In his 1935 poem, “Let America Be America Again,” Langston Hughes lists all the ways and all the people America has failed, but maintains hope that one day, the nation will make good on its promise to make everyone free and equal.
On November 2, less than a week before the most divisive election in modern memory, the Elma Lewis Center for Civic Engagement brought together a group of activists, educators, and community members to talk about what they hope “America Will Be.” The event, part of the Center’s #EmersonVotes initiative, was inspired by Hughes’s poem and the work of Elma Lewis ’43, a performer and educator who spent her life bringing art and opportunity to black children in Boston.
“In the spirit of Ms. Lewis, we’re bringing folks together for a conversation about the critical issues of the day,” said Elma Lewis Center Executive Director Judy Pryor-Ramirez, who moderated the panel.
Panelist Dr. Nettrice Gaskins, director of the STEAM Lab at the Boston Arts Academy (BAA), said that as one of few women of color in her field, she has run into opposition and skepticism throughout her career, but she was “born a rebel” and uses that to push forward with her work.
At BAA, an inclusive Boston public school, the STEAM Lab integrates art with STEM fields (science, technology, engineering, and math). When she first came to the school, none of the students had heard of President Obama’s Nation of Makers initiative, which empowers students to “create, innovate, tinker, and make their ideas and solutions into reality” through expanded resources.
Now, “by the time they’re graduating, not only will they have heard of [Nation of Makers], they will be making,” Gaskins said.
Similarly, through Press Pass TV (PPTV), panelist Darius Watford is enabling young people in low-income neighborhoods to express what’s important to them, empowering them to think critically about the media.
“There are things that are going on in the media that don’t necessarily speak the truth,” said Watford, who himself participated in PPTV when he was younger. “We’re building up these local journalists to tell the truth and making them media literate.”
Voices for All
Heather Watkins ’97, a disability advocate who has muscular dystrophy and a writer who created the Slow Walkers See More blog, works to advocate for people with disabilities and to “amplify our voices and raise our profiles.”

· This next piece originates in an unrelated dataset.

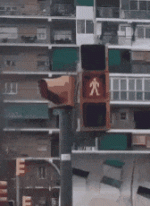 20220131_230512.gif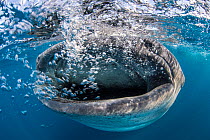 Whale shark (Rhincodon typus) mouth open  feeding at the surface,  Isla Mujeres, Quintana Roo, Yucatan Peninsular, Mexico. Caribbean Sea.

“Making people see disability as something to be socially accepted and not this big indictment,” she said. “A lot of the opposition I come up against is making people understand that disability is a lot larger than they ever thought about.”
For example, communities love to encourage people to “shop local,” she said, but local businesses often are inaccessible, forcing people with disabilities to shop online or at big box chains.

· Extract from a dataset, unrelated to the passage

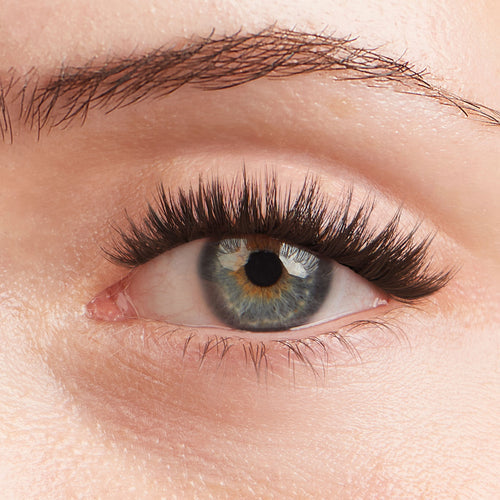 Natural Lashes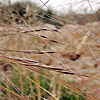 Stipa parviflora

Sometimes, people refuse to acknowledge or comprehend that a person even has a disability, she said. But through her writing, Watkins said, she now has exposure to so many other advocates.
“That, for me, has really lifted the cap off my own potential and how I see myself…I am now able to inform public policy because of that,” she said.
Pryor-Ramirez wrapped things up by asking the panelists—and the audience—to fill in the blank: “America will be…”
“Inclusive of all abilities and accessible to all persons,” said Watkins.
“Progressive,” said Watford, explaining that we will need “to acknowledge we do live in a good nation and we’re blessed to have the rights and opportunities that we do in America, but acknowledge that we have faults that are built in systematically and socially that we still have to address.”
“Equitable,” said Gaskins. “Having an equal society means we’re thinking about who’s not in the room. And we’re thinking about who’s represented.”
Vice President for Diversity and Inclusion Sylvia Spears, who was in the audience, asked the panel, “How do we hold on to hope in a time when it feels so much is hopeless?”
Watson said it was important to “find power in a community” and reach out to those around you.
But Watkins sees a problem with the way we communicate (or don’t) with each other.
“People are listening to reply, but they’re not listening to understand,” she said.
There was optimism in the audience, however.
Sharon Dunn, professor emerita at Massachusetts College of Art and Design and coordinator of the school’s low-residency MFA program, said she thinks the country is on the verge of a positive transformation, thanks largely to millennials who seem more connected and motivated to change than previous generations. “I tell my art students, ‘This is the generation I’ve been waiting for,’” Dunn said.
Sabrina Saint-Louis, a student at Bunker Hill Community College, said we shouldn’t get discouraged. “We all know there’s a problem, and we all know that we need to do something,” Saint-Louis said. “We’re not sure what we need to do, but we know that we have to initiate it.”